#### [SOURCE DATA]
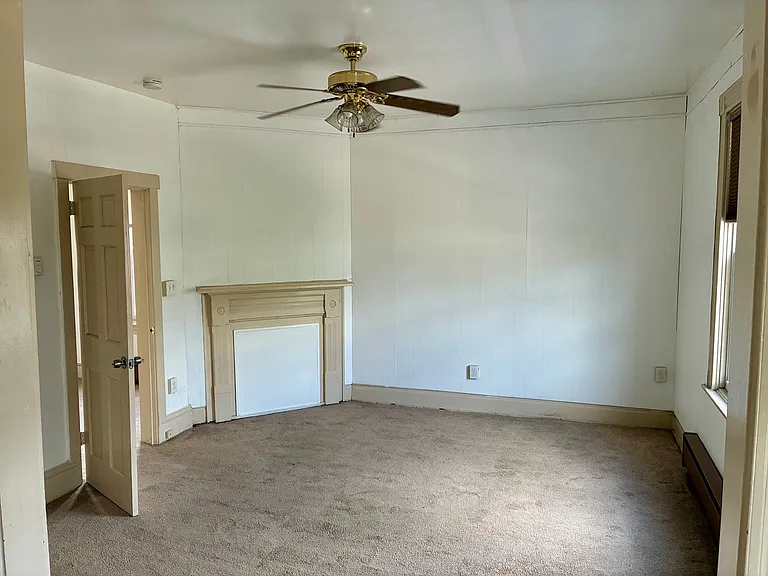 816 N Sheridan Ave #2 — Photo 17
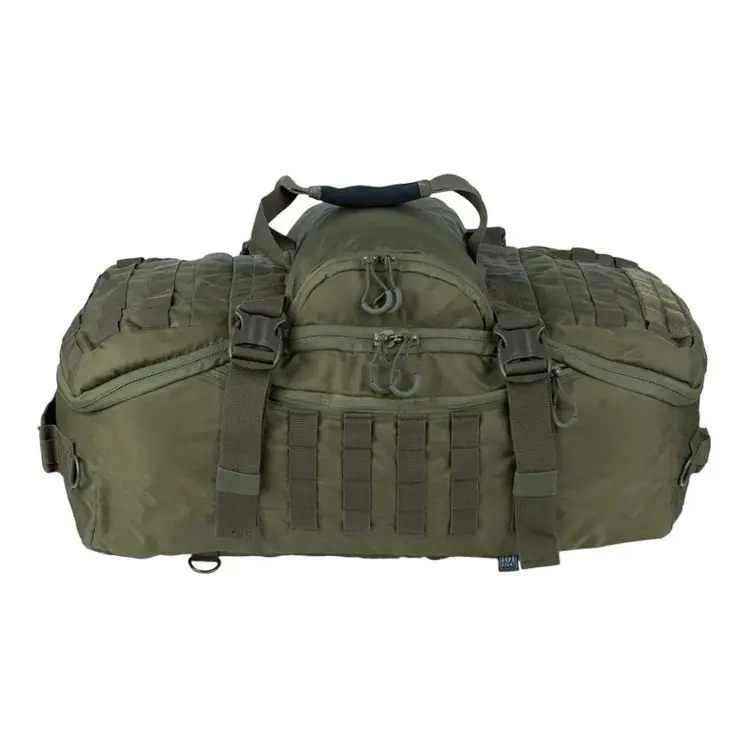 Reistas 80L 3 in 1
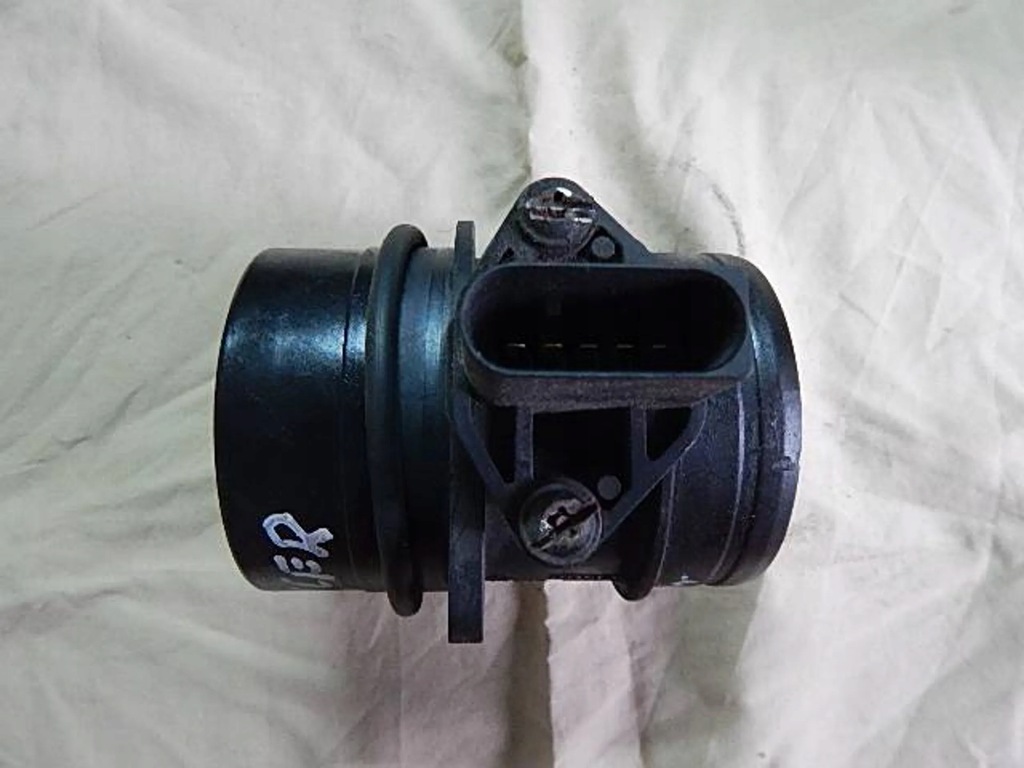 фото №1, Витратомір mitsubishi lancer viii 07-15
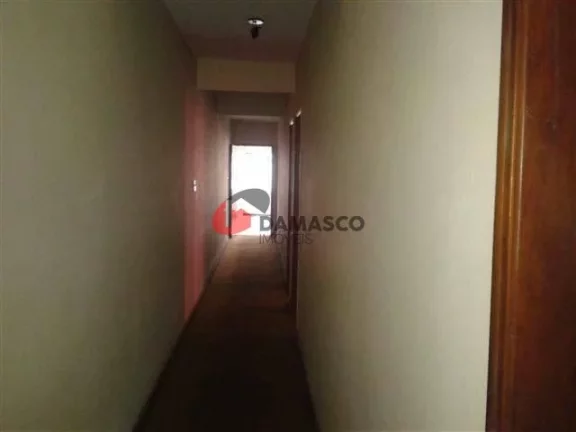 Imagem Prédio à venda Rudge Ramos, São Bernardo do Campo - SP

#### [REQUIRED WORK]
Word for word and without pictures, restate only the lines running from the one that contains "фото №1, Витратомір" through the last line of the listing above.

#### [EXPECTED ANSWER]
 фото №1, Витратомір mitsubishi lancer viii 07-15
 Imagem Prédio à venda Rudge Ramos, São Bernardo do Campo - SP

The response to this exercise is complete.